(Records from a data collection)
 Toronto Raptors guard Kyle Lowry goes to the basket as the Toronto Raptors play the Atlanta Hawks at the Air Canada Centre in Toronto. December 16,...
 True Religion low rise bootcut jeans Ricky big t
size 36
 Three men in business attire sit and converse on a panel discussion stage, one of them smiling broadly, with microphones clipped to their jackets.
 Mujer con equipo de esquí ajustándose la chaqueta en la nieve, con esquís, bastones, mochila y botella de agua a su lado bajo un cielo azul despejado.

...

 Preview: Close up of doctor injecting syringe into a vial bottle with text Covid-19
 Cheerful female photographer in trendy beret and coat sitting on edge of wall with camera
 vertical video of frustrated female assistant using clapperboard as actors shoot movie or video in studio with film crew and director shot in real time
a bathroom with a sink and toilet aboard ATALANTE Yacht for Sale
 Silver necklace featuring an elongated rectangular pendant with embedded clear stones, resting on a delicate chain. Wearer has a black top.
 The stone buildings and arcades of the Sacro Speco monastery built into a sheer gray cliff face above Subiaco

__TASK DETAILS__
Please transcribe only the lines in the records above running from the line that has "Silver necklace featuring" through the line that has "The stone buildings", both included, exactly as they appear.

__EXPECTED OUTPUT__
 Silver necklace featuring an elongated rectangular pendant with embedded clear stones, resting on a delicate chain. Wearer has a black top.
 The stone buildings and arcades of the Sacro Speco monastery built into a sheer gray cliff face above Subiaco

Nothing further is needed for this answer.